Drainage crisis in the pipeline
The report on the state of Belfast's drainage and sewage system makes alarming reading. While not quite a doomsday situation, it is heading that way fast with all sorts of social and economic consequences for the city.
It is easy to pinpoint what went wrong and led to the dire position facing the city at present. For decades there was little investment in the city's underground drainage network - just as the province's drinking pipelines were also allowed to fall into such disrepair that we were losing as much water as we were using.
But it has to be admitted there were greater priorities facing direct rule ministers in the three decades from 1972 until devolution was restored. Money that might otherwise have been used to build up the drainage, sewage and drinking water infrastructure was largely diverted towards anti-terrorism measures.
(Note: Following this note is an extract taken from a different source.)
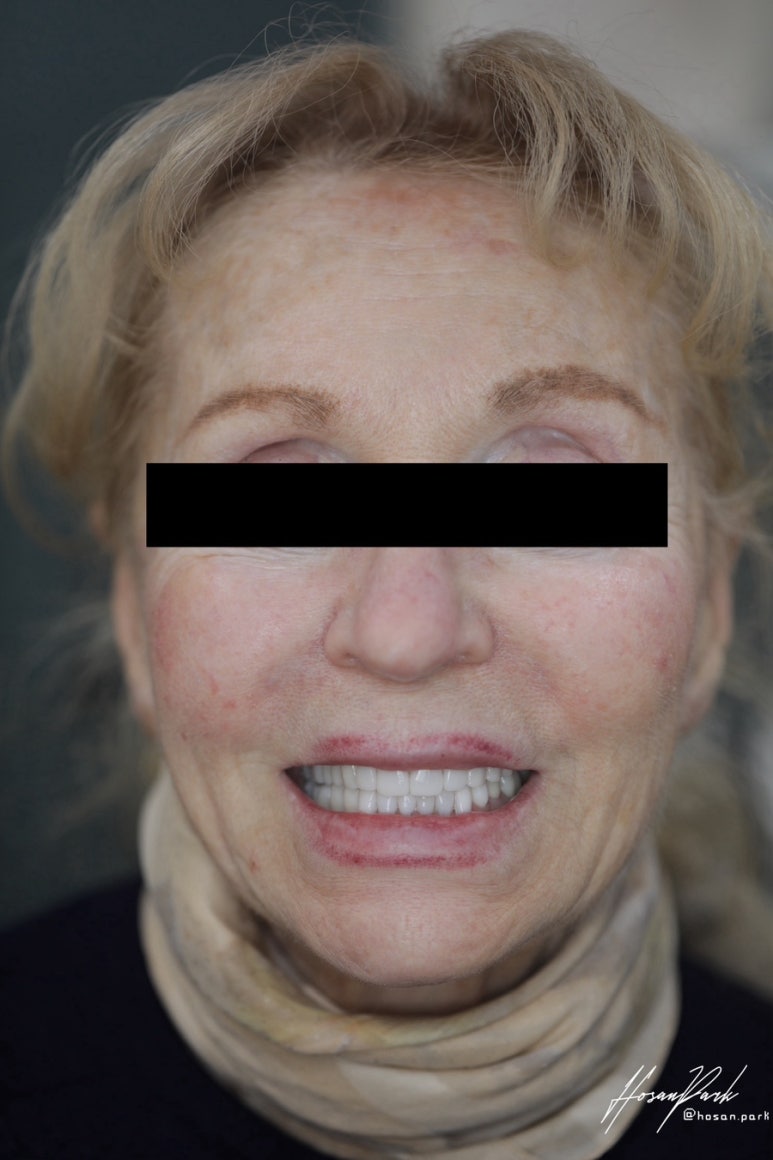 압구정 시니어 라미네이트, 나이는 문제가 되지 않습니다 관련 이미지 4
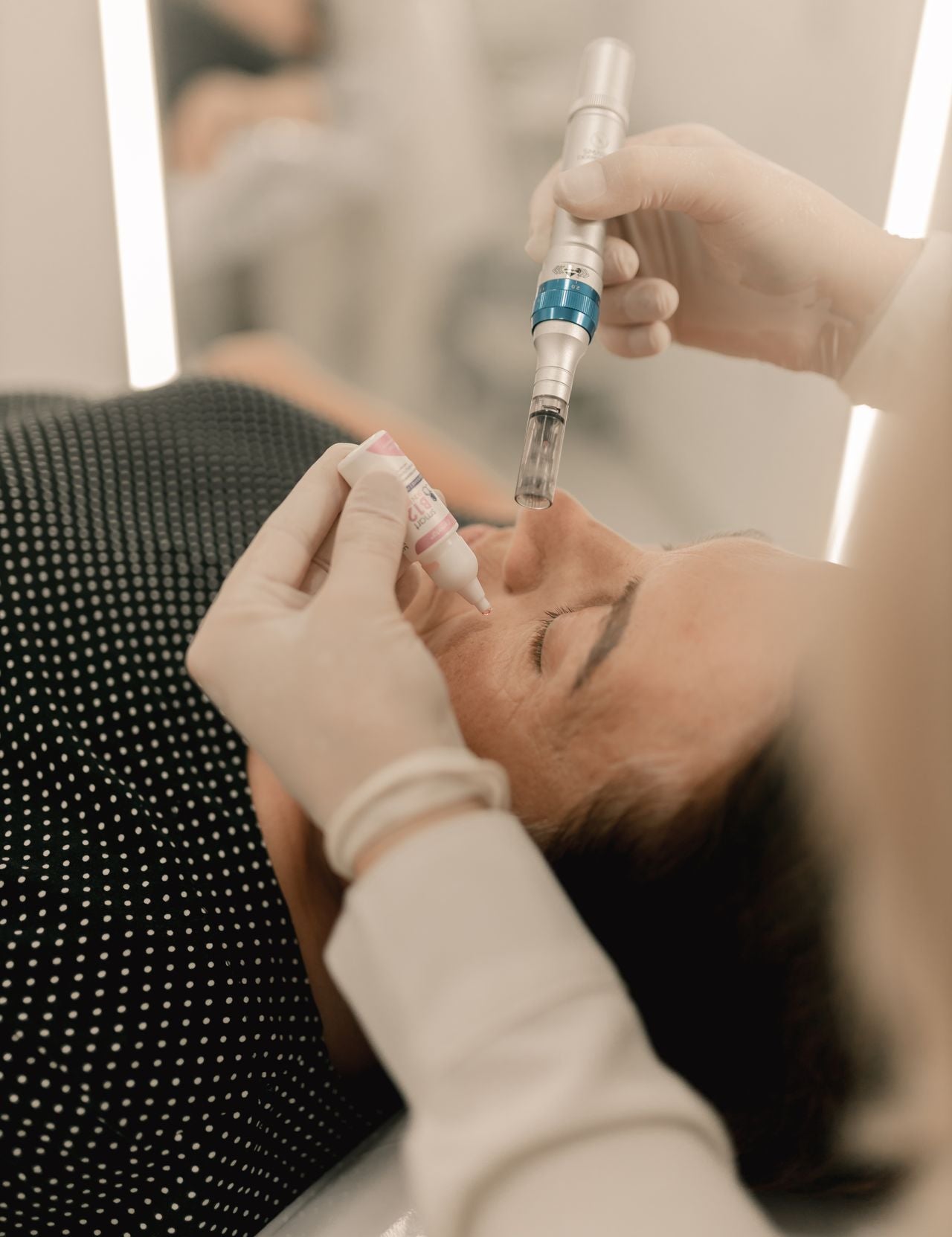 microneedling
However, that lost legacy of investment is now coming home to roost. According to a briefing paper presented to politicians, the drainage system problems will impact on inward investment to the city because it will not be able to sustain more commercial construction or more housing, will make the city more liable to flooding and incur financial penalties because of failure to comply with EU legislation on water.
This is a dire warning to the politicians. And they cannot claim that it is all a legacy problem since the Belfast Harbour area's status fell from moderate to bad in the three years between 2009 and 2012 when local politicians' hands were on the tiller.
As ever, identifying the problem and apportioning blame for it is the easy part of the equation. Finding a solution that will serve the city well for decades to come will require imagination in the first instance but, more worryingly, up to £750m in hard cash.
From a consumer point of view the concern will be that water charges could be introduced to help foot the bill and continuing investment needs. The politicians have been reluctant to follow the example of the Republic or the rest of the UK, and indeed of many EU countries, in charging domestic customers and would not even countenance it before the Assembly elections in May. But in the longer term who knows?
Certainly the scenario facing the parties at Stormont will tax their mettle and it remains to be seen if they can solve the problem without slashing other services to pay for it.